Therefore, the thought of Jn 14:10-11, particularly the revelation of the mutual immanence between Jesus and the Father, is shown to be not accidental but well-grounded and rooted in Johannine theology and Christology. Moreover, the fundamental characteristic of Jesus’ mission is affirmed again, which simply consists in “letting” God the Father speak and work in Him (v. 10b). This is obviously an active “letting” in the sense of a “doing,” a creative collaboration in absolute obedience to the Father’s will, as Jesus  Himself solemnly declared several times in Jn, particularly in the bread of life discourse: “I came down from heaven not to do my own will but the will of the one who sent me” (Jn 6:38; cf. 4:34; 5:30).

3. “Amen, amen, I say to you, whoever believes in me will do the works that I do, and will do greater ones than these, because I am going to the Father.”

With the initial double “Amen, amen,” distinctive of Jesus’ speech, the sentence quoted above solemnly closes the discourse and recalls what was mentioned at the beginning: belief in Jesus and His going to the Father. These two themes, however, are not simply repeated just to close, but open up a new horizon, according to the Johannine “spiral” dynamic. In connection also with the previous mention of the works of the Father/Son (vv. 10.11), Jesus announces with certainty that the believer will do the same or even greater works than Jesus. We are again confronted with something grandiose, even and especially from the point of view of mission.

Beyond a strong universalism of the sentence that is applicable for everyone who believes and not just the group of Twelve, the emphasis is all on “greater works” than those of Jesus. What are they and how are they explained? First of all, the use of the original Greek term for “works” should be clarified. It seems to indicate that we are not dealing here exclusively with miracles, for which the Johannine word “signs” would be used; the “works” here are connected with those of Jesus, which also include His “words” to bear witness to the Father (cf. Jn. 14:10a; 15:22.24). It thus refers to all activities of life, i.e., words and deeds, in continuation with those begun by Jesus in His earthly mission. Obviously, in light of the Johannine narrative about Jesus doing “the works” entrusted to Him by the Father (cf. 5:36; 10:25), such works include miracles, which, however, do not constitute the main aspect, which consists in giving life to the world. And since the mention of Jesus’ works in Jn often hints at the unity of Him as sent with the Father, some allusion to the union between the disciples and Jesus in doing the works can already be sensed in the use of the term in question. The aforementioned union between Jesus and the disciples actually explains why the disciples will be able to do greater works than their master.
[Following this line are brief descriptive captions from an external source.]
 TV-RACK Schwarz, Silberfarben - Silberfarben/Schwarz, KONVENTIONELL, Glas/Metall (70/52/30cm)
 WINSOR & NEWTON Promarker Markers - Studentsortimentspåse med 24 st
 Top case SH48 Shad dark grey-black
As exegete Beasley-Murray points out, the expression “(works) greater than these” has its parallel in Jn. 5:20, where Jesus mysteriously declares to the people that in His love for the Son, the Father “shows him everything that he himself does, and he will show him greater works than these, so that you may be amazed.” The context of the phrase indicates that these greater works refer to the manifestations of resurrection and judgment that the Father will accomplish in the Son to give life to those who believe (cf. Jn. 5:21-25). This perspective matches well with the motivation at the end of Jn 14:12 about the possibility of doing greater works: because Jesus goes to the Father. The return to the Father is precisely the process of Jesus’ death and resurrection that, as its effects and consequences, will finally flood all humanity with the grace of eternal life.
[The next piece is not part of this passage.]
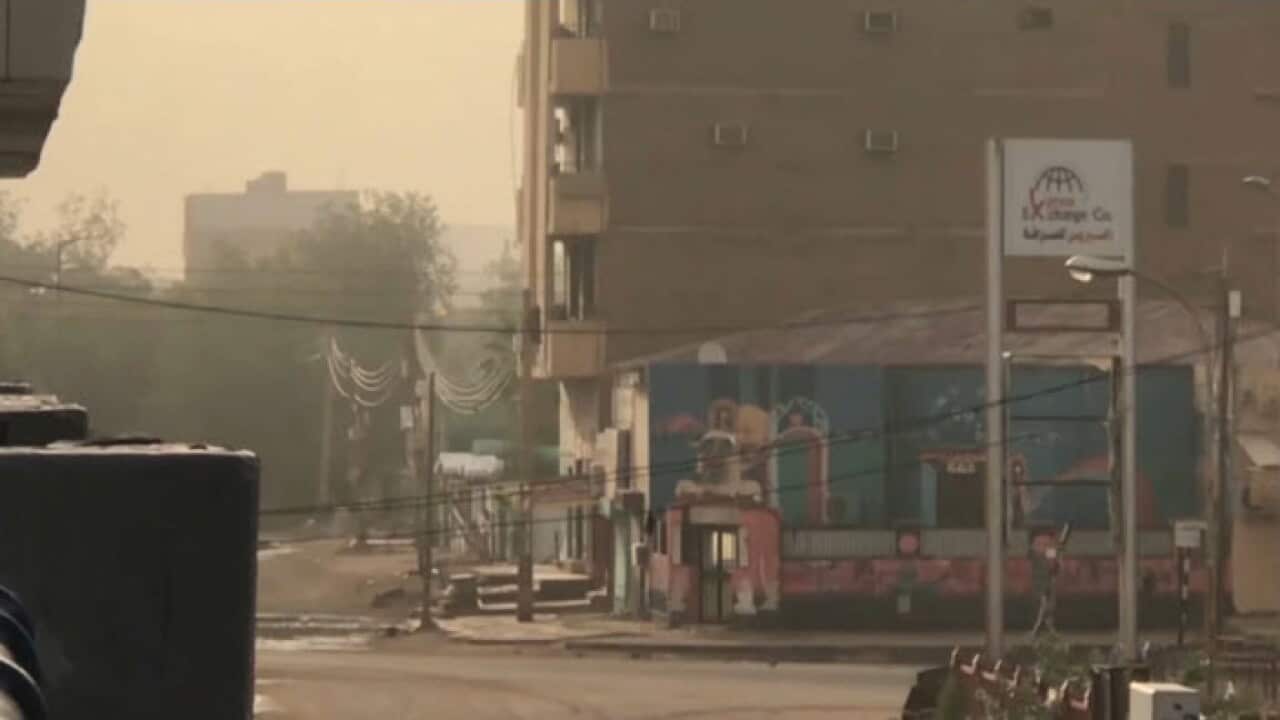 Empty streets in Khartoum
The greatest works are but the concrete realizations of this new life, fruits of Jesus’ redemptive death. Everyone who believes in Jesus will be able to do them, because it is actually the glorified Jesus who does them, or rather, it is the Father who does them in the glorified Son. Then, it becomes clear that doing greater works than Jesus’ is possible only because of Him, in faith in Him and in close communion with Him, as He Himself states in Jn. 15:5, “without me you can do nothing.” Jesus’ disciples, then as now, will do nothing but carry on Jesus’ own mission with the same “missionary” principle and spirit: just as Jesus accomplishes nothing except what the Father wants, so too His disciples cannot and should do nothing from themselves, but only from communion with their Master Jesus and to fulfill solely His ultimate purpose of glorifying the Father by giving life to humankind.

In this light, Pope Francis’ recall and exhortation with which we can conclude our commentary are significant: “Christ, indeed Christ risen from the dead, is the One to whom we must testify and whose life we must share. Missionaries of Christ are not sent to communicate themselves, to exhibit their persuasive qualities and abilities or their managerial skills. Instead, theirs is the supreme honour of presenting Christ in words and deeds, proclaiming to everyone the Good News of his salvation, as the first apostles did, with joy and boldness. […]I exhort everyone to take up once again the courage, frankness and parrhesía of the first Christians, in order to bear witness to Christ in word and deed in every area of life.” (Message for World Mission (Sun) Day 2022)

 

Useful points to consider:

Pope Francis, Message for World Mission (Sun) Day 2017

Mission and the transformative power of the Gospel of Christ, the Way, the Truth and the Life

1. The Church’s mission, directed to all men and women of good will, is based on the transformative power of the Gospel. The Gospel is Good News filled with contagious joy, for it contains and offers new life: the life of the Risen Christ who, by bestowing his life-giving Spirit, becomes for us the Way, the Truth and the Life (cf. Jn 14:6). He is the Way who invites us to follow him with confidence and courage. In following Jesus as our Way, we experience Truth and receive his Life, which is fullness of communion with God the Father in the power of the Holy Spirit. That life sets us free from every kind of selfishness, and is a source of creativity in love.

2. God the Father desires this existential transformation of his sons and daughters, a transformation that finds expression in worship in spirit and truth (cf. Jn 4:23-24), through a life guided by the Holy Spirit in imitation of Jesus the Son to the glory of God the Father. “The glory of God is the living man” (Irenaeus, Adversus Haereses IV, 20, 7). The preaching of the Gospel thus becomes a vital and effective word that accomplishes what it proclaims (cf. Is 55:10-11): Jesus Christ, who constantly takes flesh in every human situation (cf. Jn 1:14).